**WHAT YOU NEED TO DO:** Would you reproduce exactly the lines below from the one holding "Meridian Furniture Plush" through the one holding "VEGCOO Adjustable-Height End", inclusive, and no others?

**RECORDS PROVIDED:**
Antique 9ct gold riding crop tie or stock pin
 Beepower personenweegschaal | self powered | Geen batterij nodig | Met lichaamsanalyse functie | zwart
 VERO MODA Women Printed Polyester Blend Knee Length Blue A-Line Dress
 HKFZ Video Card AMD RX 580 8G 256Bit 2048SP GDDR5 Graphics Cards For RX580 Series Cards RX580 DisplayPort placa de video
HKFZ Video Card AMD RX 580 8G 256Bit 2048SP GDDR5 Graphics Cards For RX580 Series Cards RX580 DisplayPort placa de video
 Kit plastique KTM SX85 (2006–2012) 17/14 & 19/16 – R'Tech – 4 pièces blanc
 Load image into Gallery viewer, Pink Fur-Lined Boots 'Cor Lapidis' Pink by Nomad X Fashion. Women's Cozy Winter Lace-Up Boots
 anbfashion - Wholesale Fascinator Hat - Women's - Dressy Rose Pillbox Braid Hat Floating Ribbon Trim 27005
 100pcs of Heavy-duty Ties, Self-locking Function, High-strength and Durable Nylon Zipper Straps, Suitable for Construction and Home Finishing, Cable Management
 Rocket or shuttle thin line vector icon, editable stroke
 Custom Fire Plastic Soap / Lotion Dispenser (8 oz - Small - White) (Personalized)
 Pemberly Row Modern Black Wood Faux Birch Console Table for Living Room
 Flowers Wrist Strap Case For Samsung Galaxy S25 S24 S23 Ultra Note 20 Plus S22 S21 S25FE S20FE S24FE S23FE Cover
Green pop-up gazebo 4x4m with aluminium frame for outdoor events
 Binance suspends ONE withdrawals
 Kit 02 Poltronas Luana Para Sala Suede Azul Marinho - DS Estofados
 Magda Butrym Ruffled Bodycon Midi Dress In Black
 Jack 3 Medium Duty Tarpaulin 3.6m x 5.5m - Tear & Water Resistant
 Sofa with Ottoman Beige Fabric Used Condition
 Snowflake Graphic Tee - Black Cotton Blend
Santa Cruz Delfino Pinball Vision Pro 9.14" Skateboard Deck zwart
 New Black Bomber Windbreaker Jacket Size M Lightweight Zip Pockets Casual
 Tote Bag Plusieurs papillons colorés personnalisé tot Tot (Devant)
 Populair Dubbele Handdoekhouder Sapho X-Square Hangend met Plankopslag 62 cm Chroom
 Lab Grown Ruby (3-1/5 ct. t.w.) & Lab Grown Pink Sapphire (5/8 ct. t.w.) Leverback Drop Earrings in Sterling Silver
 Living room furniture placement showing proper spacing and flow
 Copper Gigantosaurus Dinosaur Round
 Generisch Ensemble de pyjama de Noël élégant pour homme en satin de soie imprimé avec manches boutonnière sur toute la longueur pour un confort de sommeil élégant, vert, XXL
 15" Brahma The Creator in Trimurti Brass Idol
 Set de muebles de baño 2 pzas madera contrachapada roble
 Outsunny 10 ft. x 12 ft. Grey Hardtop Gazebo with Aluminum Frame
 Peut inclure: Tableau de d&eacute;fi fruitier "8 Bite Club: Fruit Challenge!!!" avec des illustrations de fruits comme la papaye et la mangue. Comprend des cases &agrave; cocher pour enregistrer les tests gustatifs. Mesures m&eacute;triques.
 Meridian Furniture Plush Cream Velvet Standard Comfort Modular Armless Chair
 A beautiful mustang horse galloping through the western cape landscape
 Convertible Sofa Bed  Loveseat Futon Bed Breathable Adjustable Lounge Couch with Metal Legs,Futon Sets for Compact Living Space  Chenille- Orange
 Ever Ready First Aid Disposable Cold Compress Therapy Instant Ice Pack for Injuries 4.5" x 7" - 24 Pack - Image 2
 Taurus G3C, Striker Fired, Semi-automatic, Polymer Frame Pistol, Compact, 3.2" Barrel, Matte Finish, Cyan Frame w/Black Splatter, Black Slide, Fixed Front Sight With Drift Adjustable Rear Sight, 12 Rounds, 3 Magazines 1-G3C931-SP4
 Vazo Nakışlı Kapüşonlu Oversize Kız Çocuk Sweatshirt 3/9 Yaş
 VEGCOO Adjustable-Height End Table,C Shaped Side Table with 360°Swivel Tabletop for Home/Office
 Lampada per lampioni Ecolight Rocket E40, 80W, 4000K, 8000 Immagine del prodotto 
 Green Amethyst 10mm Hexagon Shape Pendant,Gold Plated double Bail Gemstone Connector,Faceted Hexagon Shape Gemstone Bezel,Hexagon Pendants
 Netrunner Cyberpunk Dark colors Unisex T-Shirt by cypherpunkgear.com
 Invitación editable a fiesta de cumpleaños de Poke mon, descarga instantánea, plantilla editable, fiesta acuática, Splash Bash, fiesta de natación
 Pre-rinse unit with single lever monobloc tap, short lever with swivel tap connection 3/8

**SOLVED EXERCISE:**
 Meridian Furniture Plush Cream Velvet Standard Comfort Modular Armless Chair
 A beautiful mustang horse galloping through the western cape landscape
 Convertible Sofa Bed  Loveseat Futon Bed Breathable Adjustable Lounge Couch with Metal Legs,Futon Sets for Compact Living Space  Chenille- Orange
 Ever Ready First Aid Disposable Cold Compress Therapy Instant Ice Pack for Injuries 4.5" x 7" - 24 Pack - Image 2
 Taurus G3C, Striker Fired, Semi-automatic, Polymer Frame Pistol, Compact, 3.2" Barrel, Matte Finish, Cyan Frame w/Black Splatter, Black Slide, Fixed Front Sight With Drift Adjustable Rear Sight, 12 Rounds, 3 Magazines 1-G3C931-SP4
 Vazo Nakışlı Kapüşonlu Oversize Kız Çocuk Sweatshirt 3/9 Yaş
 VEGCOO Adjustable-Height End Table,C Shaped Side Table with 360°Swivel Tabletop for Home/Office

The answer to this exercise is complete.